When it comes to hardware repairs, the center can’t pay for parts to repair patrons’ computers, but it can still help them get what they need.
“We’ll help you figure out what part you need, look for it online and compare prices,” he explained. “If you want to buy it, we’ll show you how to complete a secure online transaction, and talk about how to avoid scams.”
Teaching computer users how to avoid scams, and other types of online predators and phishing, has become a regular part of the HCC’s operations. Staff from the site go to senior citizen residential facilities and visit with the elderly to school them on these things and introduce them to the latest technology.
Mr. Jaramillo said staff regularly reminds youth not to share personal information over the internet and sometimes uses role play exercises to reinforce proper online behavior.
Following the rules is something children must do when using the HCC’s youth room (for ages 8 to 12), located in the basement of the building. There, they can participate in gaming tournaments, online challenges and learning activities—but they can’t use profanity, engage in bullying or access “adult only” websites. Offline fun includes crafts, a mentoring program and just hanging out in what Mr. Jaramillo referred to as “a safe place.”
Teenagers, as well as adults, can borrow a laptop and go about their business at a table in any of the open rooms on the main floor.
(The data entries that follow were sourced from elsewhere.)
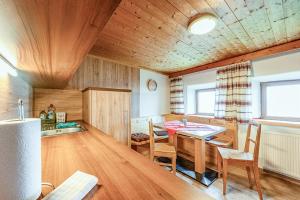 a kitchen and dining room with a table and chairs at Otto&#039s Skihütte in Sölden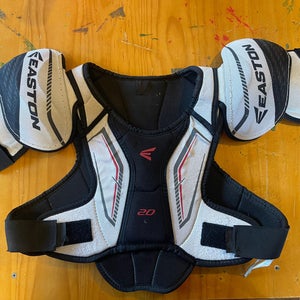Used Large Easton 20 Synergy Shoulder Pads Large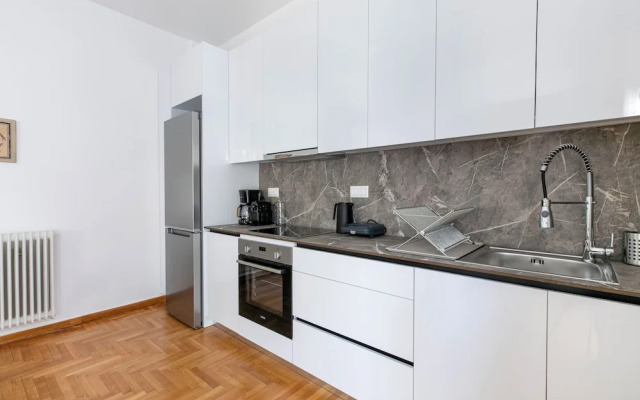 Artsi - 3BR Apt w Balcony in Athens
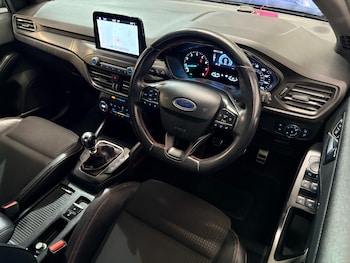 Used Ford Focus 2019 for sale - 78917601: Photo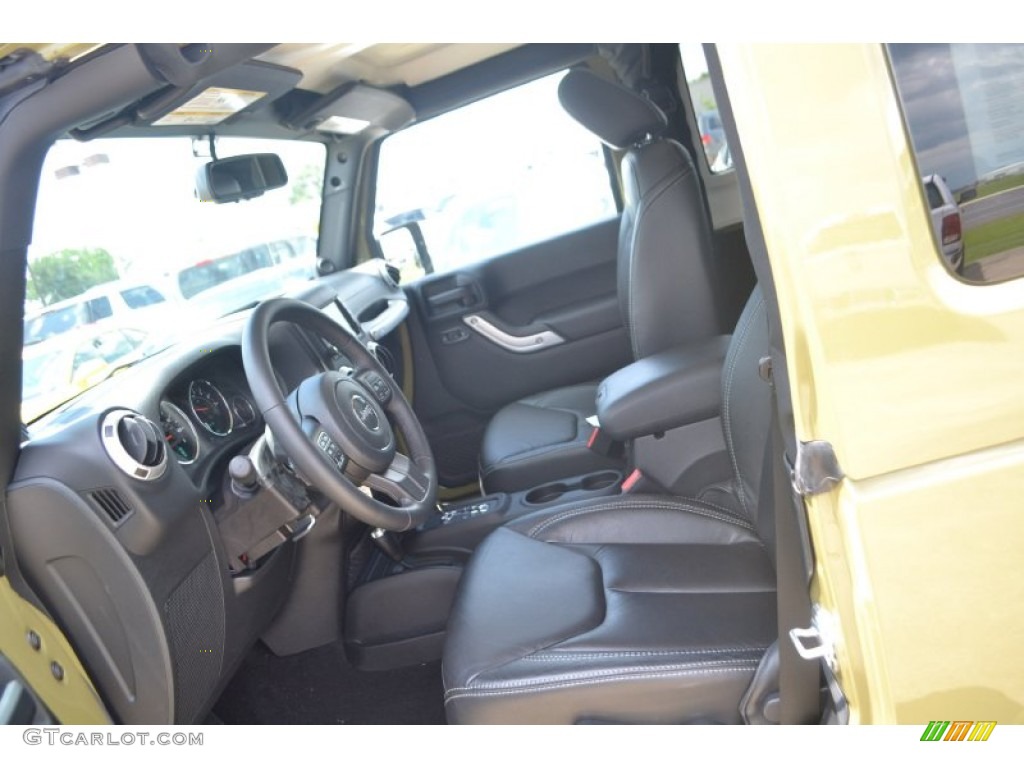 2013 Wrangler Sahara 4x4 - Commando Green / Black/Dark Saddle photo #16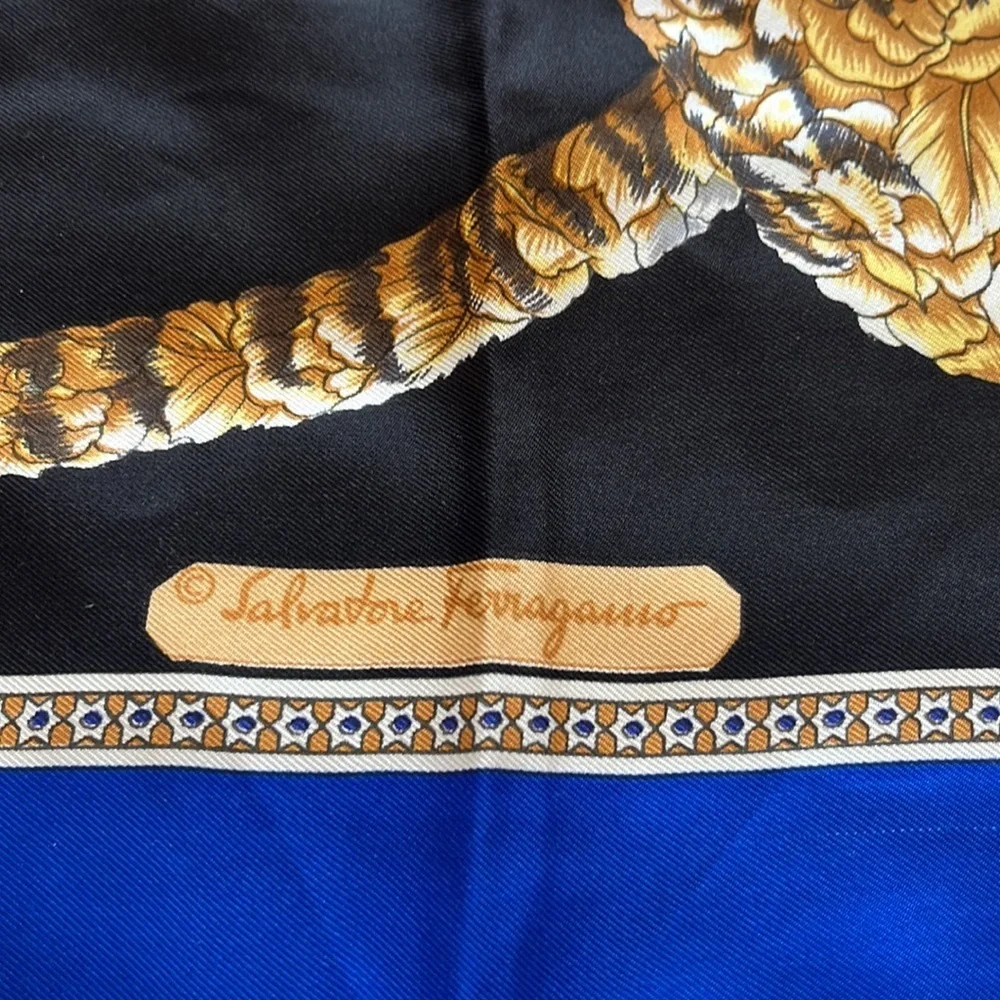 SALVATORE FERRAGAMO VINTAGE Silk Scarf Tigers Chinoiserie Asian Designer WOW!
HCC computers must remain inside the building, and visitors must sign in and show a photo I.D. to borrow them.
Along with this access to equipment and technology, adult visitors get access to the support of HCC staff members, who, in addition to providing tech support, can assist with things like resume building, job searches and applications for government benefits and social services.
The space has also been put to good use as a meeting place for community groups, and for members of the Bhutanese population in the South Hills, many of whom have convened there for English as a Second Language and naturalization classes with a tech twist.
Other services at the HCC include a NOVANET high school credit recovery program and a monthly computer class for adults looking to build basic computer skills with programs such as Microsoft Word, Excel and Outlook.